Rather than a function of increased binge drinking, as claimed by your article, I would argue that the increase in detox visits is a result of increased police presence, both downtown on weekend nights and at football games. Anyone who has been a student for the past few years, as I have, could tell you that the average student this year is no drunker than in years past. What has changed, however, is the massive influx of police officers brought about by the Downtown "Safety" Initiative. I guess Mayor Dave Cieslewicz needed a new way to spend the taxpayers’ money now that the streetcar plan is off the table.
I also take issue with the suggestion that being taken to detox is not a "punitive measure." If being taken to a "low-security prison" and being forced to pay $365 in fees is not a bad thing, please tell me what is. Not to mention the prospect of non-academic misconduct sanctions which the Offices of the Dean of Students will likely place on students who have committed the unspeakable offense of "binge-drinking."
In the future, I hope that your paper’s writers actually do some reporting, rather than regurgitating the misinformation spread by the Madison Police Department.
Brian Febbo
Senior, University of Wisconsin-MadisonUW Senior
febbo@wisc.edu
Mike Pruden (October 29, 2007 @ 8:51am):
I think the non-academic misconduct only happens if you happen to be underage.
Not that I don't agree with the stereotype, though. I once was pulled over in the downtown area with the cop convincing me I was drunk behind the wheel (I inadvertently cut him off.), in which he had to grab another police vehicle to try to prove his point. The problem was, I was STONE COLD SOBER!
It's frightening (no pun intended) to see how the authorities perpetuate the "stupid drunk college kid" stereotype. Especially when there are students out there who either do drink responsibly or simply choose not to drink at all.
Anonymous (October 29, 2007 @ 9:52am):
As my grandma would say, this is a classic example of the pot calling the kettle black. You don't explain in detail or substantiate anything you write.
For instance, you write that "Given that the threshold Blood Alcohol Concentration for being taken to detox is only .16, I sincerely doubt this is the case." Unless you provide an explanation of the level of impairment or danger common at that BAC, the number is useless.
Additionally, you claim that there is an increased police presence without citing any statistics. (And BTW, don't you think that the downtown initiate has at least something to do with the spike in sexual assaults last year?)
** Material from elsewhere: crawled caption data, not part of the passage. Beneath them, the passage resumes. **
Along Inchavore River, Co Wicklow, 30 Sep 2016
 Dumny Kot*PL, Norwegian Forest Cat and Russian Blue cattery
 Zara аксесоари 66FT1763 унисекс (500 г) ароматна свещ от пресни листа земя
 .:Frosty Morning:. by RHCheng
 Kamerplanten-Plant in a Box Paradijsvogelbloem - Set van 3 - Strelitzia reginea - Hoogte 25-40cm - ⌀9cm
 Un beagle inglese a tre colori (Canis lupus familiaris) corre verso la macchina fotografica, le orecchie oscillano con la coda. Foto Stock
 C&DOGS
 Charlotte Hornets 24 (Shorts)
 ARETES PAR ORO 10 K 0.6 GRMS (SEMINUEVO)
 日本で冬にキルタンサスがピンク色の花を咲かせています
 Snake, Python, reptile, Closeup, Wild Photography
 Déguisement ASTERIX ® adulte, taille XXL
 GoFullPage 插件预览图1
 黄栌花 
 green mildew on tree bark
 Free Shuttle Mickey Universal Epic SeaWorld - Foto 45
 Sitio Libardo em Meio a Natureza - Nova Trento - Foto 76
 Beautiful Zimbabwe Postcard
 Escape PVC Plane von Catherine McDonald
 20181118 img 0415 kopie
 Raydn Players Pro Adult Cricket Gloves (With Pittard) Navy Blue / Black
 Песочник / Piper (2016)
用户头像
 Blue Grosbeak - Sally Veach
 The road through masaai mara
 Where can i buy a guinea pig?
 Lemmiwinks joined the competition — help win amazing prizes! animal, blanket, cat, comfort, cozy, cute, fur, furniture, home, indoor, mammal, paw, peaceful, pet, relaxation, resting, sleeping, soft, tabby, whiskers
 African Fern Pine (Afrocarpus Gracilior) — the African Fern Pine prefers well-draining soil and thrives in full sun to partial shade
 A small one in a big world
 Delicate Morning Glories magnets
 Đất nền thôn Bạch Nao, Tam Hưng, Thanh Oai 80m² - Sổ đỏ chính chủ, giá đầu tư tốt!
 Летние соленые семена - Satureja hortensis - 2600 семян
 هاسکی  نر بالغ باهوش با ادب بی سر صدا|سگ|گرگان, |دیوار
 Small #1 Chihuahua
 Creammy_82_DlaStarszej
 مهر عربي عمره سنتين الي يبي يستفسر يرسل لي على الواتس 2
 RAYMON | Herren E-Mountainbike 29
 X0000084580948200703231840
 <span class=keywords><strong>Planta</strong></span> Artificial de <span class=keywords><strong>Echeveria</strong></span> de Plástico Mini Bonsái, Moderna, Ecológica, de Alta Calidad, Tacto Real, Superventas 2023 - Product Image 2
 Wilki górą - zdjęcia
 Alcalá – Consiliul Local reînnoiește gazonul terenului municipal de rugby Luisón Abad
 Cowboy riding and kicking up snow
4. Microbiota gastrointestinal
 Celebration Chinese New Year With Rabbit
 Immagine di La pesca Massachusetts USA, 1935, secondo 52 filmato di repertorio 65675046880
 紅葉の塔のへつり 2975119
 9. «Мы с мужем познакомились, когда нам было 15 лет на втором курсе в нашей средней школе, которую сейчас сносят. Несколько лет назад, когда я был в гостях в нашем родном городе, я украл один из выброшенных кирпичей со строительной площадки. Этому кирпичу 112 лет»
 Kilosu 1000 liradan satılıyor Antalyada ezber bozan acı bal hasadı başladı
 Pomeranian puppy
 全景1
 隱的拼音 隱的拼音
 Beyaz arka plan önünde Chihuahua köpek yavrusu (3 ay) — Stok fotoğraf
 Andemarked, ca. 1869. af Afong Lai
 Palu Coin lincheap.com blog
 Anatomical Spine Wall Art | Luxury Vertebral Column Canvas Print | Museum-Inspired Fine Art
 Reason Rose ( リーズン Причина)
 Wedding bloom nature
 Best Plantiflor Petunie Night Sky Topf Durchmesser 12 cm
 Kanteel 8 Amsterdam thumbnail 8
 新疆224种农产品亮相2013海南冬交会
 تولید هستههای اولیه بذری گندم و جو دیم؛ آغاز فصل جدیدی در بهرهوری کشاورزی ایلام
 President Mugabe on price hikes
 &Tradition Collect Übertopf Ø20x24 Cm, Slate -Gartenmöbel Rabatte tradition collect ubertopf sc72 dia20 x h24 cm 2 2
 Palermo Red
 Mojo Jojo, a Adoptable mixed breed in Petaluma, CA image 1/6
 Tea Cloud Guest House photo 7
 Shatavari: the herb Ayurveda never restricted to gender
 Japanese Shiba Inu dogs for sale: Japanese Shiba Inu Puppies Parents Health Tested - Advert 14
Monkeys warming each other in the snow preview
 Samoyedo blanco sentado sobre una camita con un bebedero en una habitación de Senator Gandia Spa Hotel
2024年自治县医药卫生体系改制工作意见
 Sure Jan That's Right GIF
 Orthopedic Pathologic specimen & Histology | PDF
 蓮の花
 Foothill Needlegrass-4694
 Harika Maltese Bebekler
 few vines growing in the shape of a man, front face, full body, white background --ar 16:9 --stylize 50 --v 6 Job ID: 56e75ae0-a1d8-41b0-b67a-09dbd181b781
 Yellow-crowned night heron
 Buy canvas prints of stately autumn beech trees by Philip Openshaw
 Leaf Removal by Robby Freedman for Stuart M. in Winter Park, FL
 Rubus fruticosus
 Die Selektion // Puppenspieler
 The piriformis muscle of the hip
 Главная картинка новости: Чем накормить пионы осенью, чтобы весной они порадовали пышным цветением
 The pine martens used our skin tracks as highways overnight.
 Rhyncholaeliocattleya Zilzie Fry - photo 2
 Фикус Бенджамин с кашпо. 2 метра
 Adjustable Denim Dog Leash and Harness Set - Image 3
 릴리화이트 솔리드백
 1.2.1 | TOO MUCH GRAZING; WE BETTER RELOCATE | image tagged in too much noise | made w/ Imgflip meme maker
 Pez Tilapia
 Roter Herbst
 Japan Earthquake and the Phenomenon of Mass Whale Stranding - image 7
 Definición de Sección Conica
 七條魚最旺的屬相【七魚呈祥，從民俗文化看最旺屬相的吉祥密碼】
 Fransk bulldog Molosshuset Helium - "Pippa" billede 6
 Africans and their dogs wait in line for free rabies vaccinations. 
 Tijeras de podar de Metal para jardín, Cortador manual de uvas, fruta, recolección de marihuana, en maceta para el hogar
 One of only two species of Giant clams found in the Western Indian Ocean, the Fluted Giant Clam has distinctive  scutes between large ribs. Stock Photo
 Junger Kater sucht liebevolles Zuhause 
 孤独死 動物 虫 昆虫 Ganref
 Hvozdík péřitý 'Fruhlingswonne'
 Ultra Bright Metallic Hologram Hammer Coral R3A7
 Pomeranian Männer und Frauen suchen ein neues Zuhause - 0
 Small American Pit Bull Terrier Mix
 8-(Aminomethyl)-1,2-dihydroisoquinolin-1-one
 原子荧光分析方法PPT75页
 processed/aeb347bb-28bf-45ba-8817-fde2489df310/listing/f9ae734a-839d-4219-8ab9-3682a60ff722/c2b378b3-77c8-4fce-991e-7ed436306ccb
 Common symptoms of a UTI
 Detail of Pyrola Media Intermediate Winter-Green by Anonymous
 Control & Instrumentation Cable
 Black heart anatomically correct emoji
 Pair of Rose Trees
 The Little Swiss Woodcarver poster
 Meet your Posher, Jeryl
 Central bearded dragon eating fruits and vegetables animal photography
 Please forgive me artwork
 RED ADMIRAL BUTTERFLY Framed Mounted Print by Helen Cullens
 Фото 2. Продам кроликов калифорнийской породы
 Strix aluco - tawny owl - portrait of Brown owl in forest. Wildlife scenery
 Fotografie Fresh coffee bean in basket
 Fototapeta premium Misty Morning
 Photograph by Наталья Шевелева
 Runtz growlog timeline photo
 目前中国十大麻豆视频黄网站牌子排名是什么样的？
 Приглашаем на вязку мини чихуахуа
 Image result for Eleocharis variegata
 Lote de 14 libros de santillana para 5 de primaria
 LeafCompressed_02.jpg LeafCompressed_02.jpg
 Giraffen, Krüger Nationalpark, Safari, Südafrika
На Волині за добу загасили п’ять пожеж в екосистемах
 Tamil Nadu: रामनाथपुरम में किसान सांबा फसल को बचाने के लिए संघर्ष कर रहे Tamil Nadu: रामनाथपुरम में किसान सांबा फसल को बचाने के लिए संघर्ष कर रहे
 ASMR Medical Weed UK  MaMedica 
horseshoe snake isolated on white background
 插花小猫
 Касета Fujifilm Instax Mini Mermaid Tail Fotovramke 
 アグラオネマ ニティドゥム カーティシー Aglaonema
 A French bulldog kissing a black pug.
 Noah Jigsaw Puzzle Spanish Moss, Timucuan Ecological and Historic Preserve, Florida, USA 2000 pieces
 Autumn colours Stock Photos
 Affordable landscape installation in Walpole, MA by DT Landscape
If this were to be an effective argument, you'd have to prove somehow that people are taken to detox who clearly (or at least somehow provably) do not require medical attention.
In all, there is no evidence that Mr. Luhn's story was anything but a fine piece of journalism-certainly not in your little diatribe. So please, don't defame something as "lazy reporting" simply because you don't agree with it.
Anonymous (October 29, 2007 @ 10:47am):
detox is covered by health insurance as an emergency facility visit - most people just don't bother to claim it (to avoid telling parents who deal with insurance perhaps?) - so it isn't a $365 fee.
Anonymous (October 29, 2007 @ 2:24pm):
Police will stop treating students like delinquents when they can show they can behave as the adults they actually are. College is not daycare or camp, I don't think a lot of students here have fully realized that.
Anonymous (October 29, 2007 @ 8:20pm):
"the stereotype of students as drunkards"
... the weekend after Halloween might not be the best time to challenge that "stereotype."